Stored records:
┄┄┄┄┄┄

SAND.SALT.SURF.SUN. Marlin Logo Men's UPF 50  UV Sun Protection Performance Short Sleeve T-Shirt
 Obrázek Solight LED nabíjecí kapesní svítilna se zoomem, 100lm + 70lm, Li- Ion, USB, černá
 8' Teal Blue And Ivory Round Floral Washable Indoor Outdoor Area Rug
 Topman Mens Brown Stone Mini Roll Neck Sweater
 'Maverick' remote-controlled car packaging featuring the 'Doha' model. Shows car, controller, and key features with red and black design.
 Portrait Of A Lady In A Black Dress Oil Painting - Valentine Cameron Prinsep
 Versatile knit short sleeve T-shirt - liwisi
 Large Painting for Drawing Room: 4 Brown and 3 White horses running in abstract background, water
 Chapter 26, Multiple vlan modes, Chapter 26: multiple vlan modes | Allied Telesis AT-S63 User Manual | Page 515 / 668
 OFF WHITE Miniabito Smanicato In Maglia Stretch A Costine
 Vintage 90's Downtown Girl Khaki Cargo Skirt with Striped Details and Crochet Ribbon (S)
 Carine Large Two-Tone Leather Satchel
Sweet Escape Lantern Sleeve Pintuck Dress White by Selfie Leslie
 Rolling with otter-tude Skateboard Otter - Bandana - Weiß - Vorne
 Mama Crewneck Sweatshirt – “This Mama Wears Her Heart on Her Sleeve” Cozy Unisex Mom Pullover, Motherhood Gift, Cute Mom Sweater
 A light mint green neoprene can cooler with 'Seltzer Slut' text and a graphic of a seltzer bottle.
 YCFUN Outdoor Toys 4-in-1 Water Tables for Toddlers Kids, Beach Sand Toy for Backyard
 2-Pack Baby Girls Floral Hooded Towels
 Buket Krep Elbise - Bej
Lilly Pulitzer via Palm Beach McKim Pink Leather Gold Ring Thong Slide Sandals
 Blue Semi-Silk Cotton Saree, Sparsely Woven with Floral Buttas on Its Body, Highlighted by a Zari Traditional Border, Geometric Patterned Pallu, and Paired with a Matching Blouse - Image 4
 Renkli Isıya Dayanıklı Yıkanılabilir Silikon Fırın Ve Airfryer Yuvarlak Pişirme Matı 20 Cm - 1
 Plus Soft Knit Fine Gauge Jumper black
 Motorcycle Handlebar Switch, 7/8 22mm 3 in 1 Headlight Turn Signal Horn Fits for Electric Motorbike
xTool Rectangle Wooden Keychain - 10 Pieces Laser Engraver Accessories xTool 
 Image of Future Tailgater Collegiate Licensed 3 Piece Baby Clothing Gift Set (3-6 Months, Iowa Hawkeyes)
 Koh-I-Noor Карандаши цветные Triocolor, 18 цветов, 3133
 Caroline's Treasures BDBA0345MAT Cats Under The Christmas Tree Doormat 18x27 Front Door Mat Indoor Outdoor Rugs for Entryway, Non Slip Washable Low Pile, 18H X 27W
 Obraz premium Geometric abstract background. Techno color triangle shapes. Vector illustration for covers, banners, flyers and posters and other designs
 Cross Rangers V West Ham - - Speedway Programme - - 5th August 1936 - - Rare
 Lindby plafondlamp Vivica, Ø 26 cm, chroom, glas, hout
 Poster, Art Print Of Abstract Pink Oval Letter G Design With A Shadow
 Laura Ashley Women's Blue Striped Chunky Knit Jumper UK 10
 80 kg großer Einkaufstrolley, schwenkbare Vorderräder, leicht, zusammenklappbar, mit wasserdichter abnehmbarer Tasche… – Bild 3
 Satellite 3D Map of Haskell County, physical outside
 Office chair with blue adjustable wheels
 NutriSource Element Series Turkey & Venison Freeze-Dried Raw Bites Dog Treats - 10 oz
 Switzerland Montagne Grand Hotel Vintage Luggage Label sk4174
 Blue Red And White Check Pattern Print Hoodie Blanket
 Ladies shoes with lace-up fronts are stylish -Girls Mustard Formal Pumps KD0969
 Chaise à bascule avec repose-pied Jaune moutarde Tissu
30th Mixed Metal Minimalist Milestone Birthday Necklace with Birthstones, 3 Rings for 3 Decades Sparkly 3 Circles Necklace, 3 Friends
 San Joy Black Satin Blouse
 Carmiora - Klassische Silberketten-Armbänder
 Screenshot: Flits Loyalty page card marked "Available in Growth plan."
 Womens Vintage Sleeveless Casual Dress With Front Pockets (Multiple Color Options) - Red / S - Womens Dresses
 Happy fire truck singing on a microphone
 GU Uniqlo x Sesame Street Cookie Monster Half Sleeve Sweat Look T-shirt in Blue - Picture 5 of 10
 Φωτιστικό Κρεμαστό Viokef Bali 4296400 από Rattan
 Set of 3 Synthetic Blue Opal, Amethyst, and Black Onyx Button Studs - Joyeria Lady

┄┄┄┄┄┄

• EXERCISE OBJECTIVE
Reproduce each line of the data containing the word "Pink".

• PROBLEM SOLUTION
Lilly Pulitzer via Palm Beach McKim Pink Leather Gold Ring Thong Slide Sandals
 Poster, Art Print Of Abstract Pink Oval Letter G Design With A Shadow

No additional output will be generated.